Увенчай его Господь Бог лаврами, славою. Великой Екатерины верноподданные, да питаютца от тука Его милостей. Он честный человек, он добрый человек, он великий человек! Щастье мое за него умереть!» (Письмо от 8 ноября). На другой день в письме тому же Попову (о пересылке денег ему самому и его племяннику князю Алексею Горчакову) снова прорывается волнующее Суворова чувство: «Не до денег! Один кусок лент Князь Григорья Александровича дороже всех моих деревень!»

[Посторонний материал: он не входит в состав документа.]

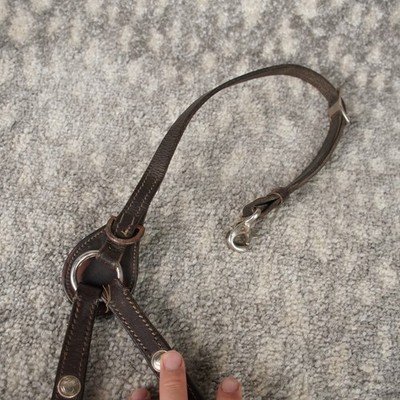 Ras de cou western en cuir suédé : collier cow-girl concho en argent - France
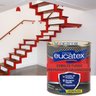 Tinta Esmalte 0,9L Eucafer com Fundo Preparador Galvanizado para Madeiras & Metais - Eucatex - Vermelh - 3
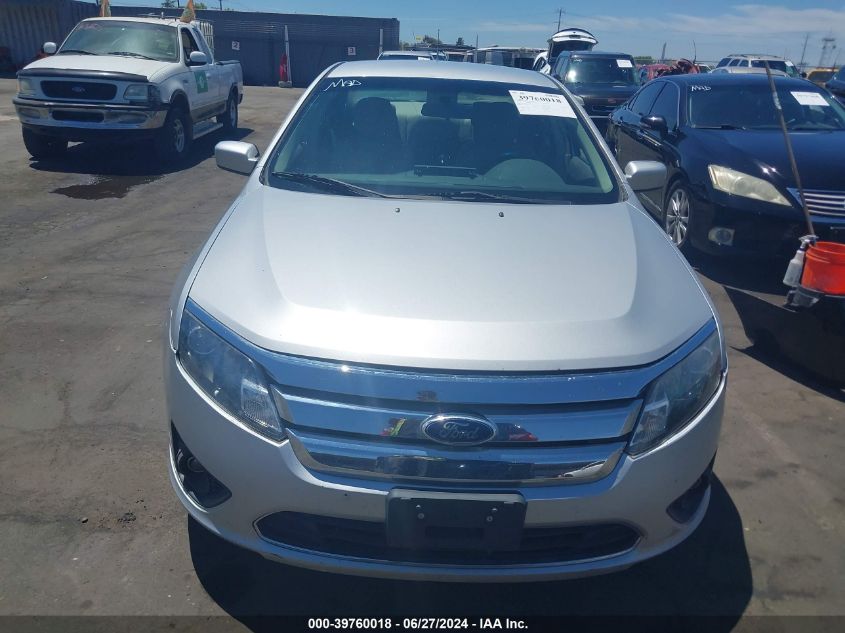 2010 Ford Fusion Se VIN: 3FAHP0HG9AR307173 Lot: 39760018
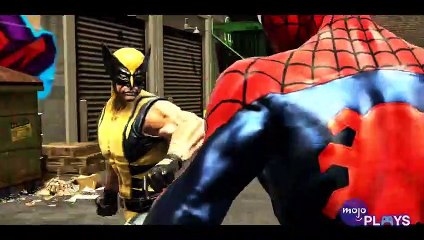 The 10 BEST Boss Fights in Spider-Man Games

Красноречиво письмо Суворова и к дочери: «Comtesse des deux Empires
Конец 1789 г. был одним из самых счастливых в жизни Суворова. Он едет к Потемкину и 2 декабря спешит поделиться новой радостью с дочерью: «С полным удовольствием провел я несколько дней в Яссах и там был награжден одною из драгоценнейших шпаг». Получив из рук Потемкина шпагу с надписью «Победителю Визиря»— последнюю награду в длинном ряду отличий за Фокшанскую и Рымникскую победы, Суворов не забывает о своих соратниках: «Светлейший Князь, Милостивый Государь! Дерзаю приступить к позволенному мне Вашею Светлостию. Действительно боюсь, чтоб не раздражить... другой список так же не мал, но, Милостивый Государь! где меньше войска, там больше храбрых. Последуйте Вашему блистательному великодушию». (3 XII. 1789 г.) Представления были уважены.

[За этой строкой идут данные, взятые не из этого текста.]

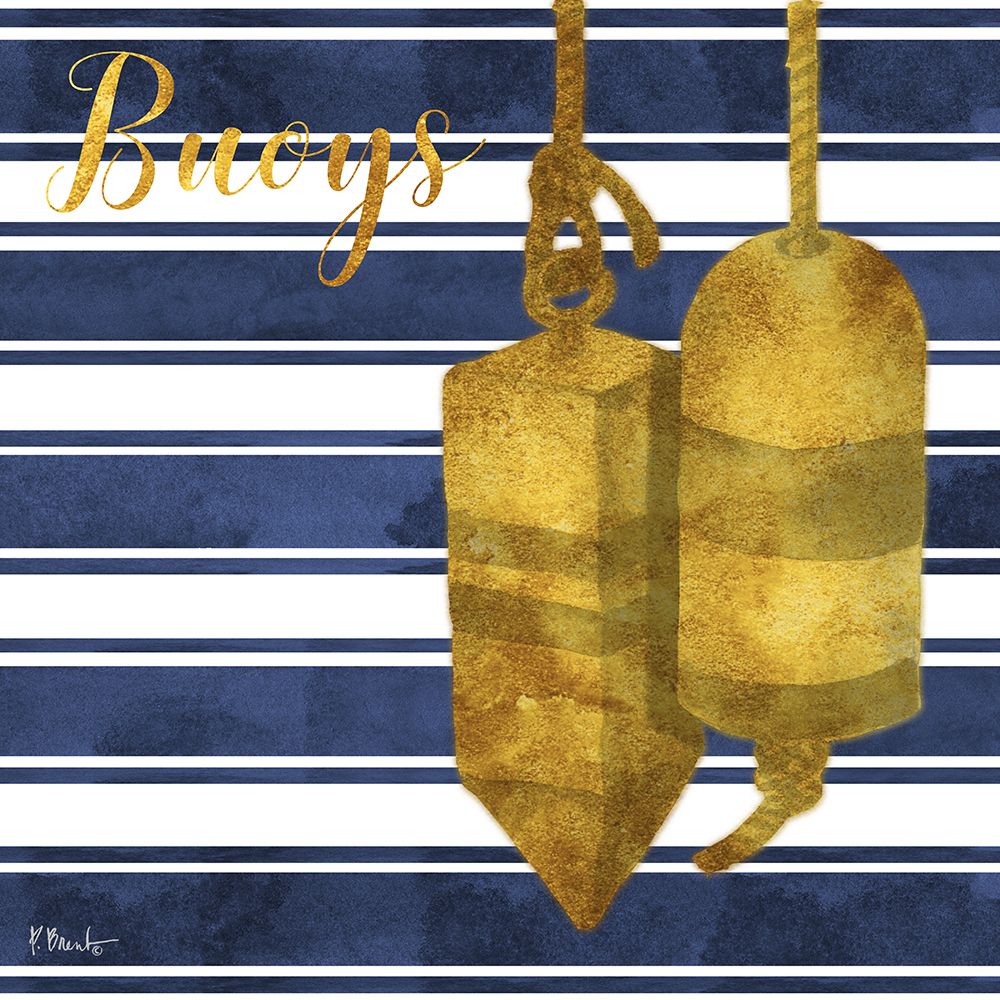 Cape Cod - II - Gold art print by Paul Brent for $57.95 CAD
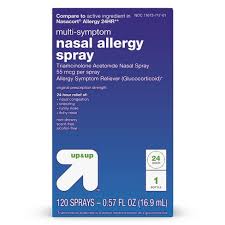Triamcinolone Acetonide Multi Symptom Nasal Allergy Relief Spray 0 57 Fl Oz Up Up Target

Заканчивался 1789 год. Мир казался достижимым и близким. Русский посол Булгаков, более двух лет томившийся в Семибашенном замке в Константинополе, был выпущен на свободу. Везир Газы Хасан, согласившийся принять свой пост на условии прекращения войны, переписывался с Потемкиным о пунктах мирного договора. Но тут на сцене, как выразилась Российская императрица, появились «новые актеры».